Symptoms & Causes

ColicCalm, NZ

The Cause and Treatment of Newborn, Infant and Baby Colic

by T.A. Lawrence B.Sc., CIRM, CPMP


It is not uncommon for newborn babies to go through periods when they appear abnormally irritable or seemingly cry for no reason. However, if you suspect your baby is suffering from colic, you may look for the following symptoms:

  • cries vigorously for long periods, despite efforts to console
  • symptoms occur around the same time each day or night, often after meal times, and usually ending as abruptly as they began
  • shows signs of gas discomfort and abdominal bloating
  • has a hard, distended stomach, with knees pulled to the chest, clenched fists, flailing arms and legs, and an arched back
  • experiences frequent sleeplessness, irritability and fussiness

In most cases, colic is the worst pain a baby has thus experienced.
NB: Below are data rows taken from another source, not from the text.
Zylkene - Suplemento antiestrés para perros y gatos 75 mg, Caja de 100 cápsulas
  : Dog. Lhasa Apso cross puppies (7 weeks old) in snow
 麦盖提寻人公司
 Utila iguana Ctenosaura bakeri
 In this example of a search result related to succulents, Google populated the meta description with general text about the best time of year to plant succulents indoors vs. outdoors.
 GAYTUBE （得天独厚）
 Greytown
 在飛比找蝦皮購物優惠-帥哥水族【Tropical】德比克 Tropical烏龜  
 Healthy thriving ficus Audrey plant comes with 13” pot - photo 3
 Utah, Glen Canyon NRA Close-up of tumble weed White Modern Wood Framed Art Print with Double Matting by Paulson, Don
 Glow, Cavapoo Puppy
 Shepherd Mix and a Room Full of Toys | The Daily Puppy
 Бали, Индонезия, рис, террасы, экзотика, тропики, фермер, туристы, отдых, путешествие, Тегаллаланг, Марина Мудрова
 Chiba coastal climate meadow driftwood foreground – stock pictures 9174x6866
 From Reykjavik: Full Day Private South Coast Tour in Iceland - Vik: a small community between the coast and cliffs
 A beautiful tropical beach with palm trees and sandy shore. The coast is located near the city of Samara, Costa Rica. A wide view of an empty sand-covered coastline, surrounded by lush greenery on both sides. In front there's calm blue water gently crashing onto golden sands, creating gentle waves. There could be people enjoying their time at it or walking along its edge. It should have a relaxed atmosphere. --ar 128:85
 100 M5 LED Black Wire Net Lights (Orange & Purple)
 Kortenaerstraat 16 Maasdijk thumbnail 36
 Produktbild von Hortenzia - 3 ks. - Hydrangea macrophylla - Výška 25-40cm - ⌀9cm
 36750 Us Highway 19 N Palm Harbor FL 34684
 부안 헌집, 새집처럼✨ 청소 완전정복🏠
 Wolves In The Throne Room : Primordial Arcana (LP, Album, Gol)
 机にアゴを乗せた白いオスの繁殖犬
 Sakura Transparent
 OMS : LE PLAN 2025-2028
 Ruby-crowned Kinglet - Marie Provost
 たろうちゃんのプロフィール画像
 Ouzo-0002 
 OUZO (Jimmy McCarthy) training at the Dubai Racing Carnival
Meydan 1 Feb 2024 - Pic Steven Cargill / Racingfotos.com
It is usually manifested as an acute abdominal pain with intense spasmodic cramping, but since colicky babies cannot describe exactly what distresses them, it is hard for parents to know the precise cause of their distress. Infantile colic is most common in the first few weeks to four months of an infant’s life; rarely does it endure past six months of age. Pediatricians often use the “Rule of Three” to diagnose colic: “A baby that cries for three or more hours per day, at least three times per week, within a three month period”. Wess, et al., “Paroxysmas fussing in infancy.” Pediatrics 1984:74:998. About 25 percent of babies worldwide meet the official “Rule of Threes” criteria for medical diagnosis of colic.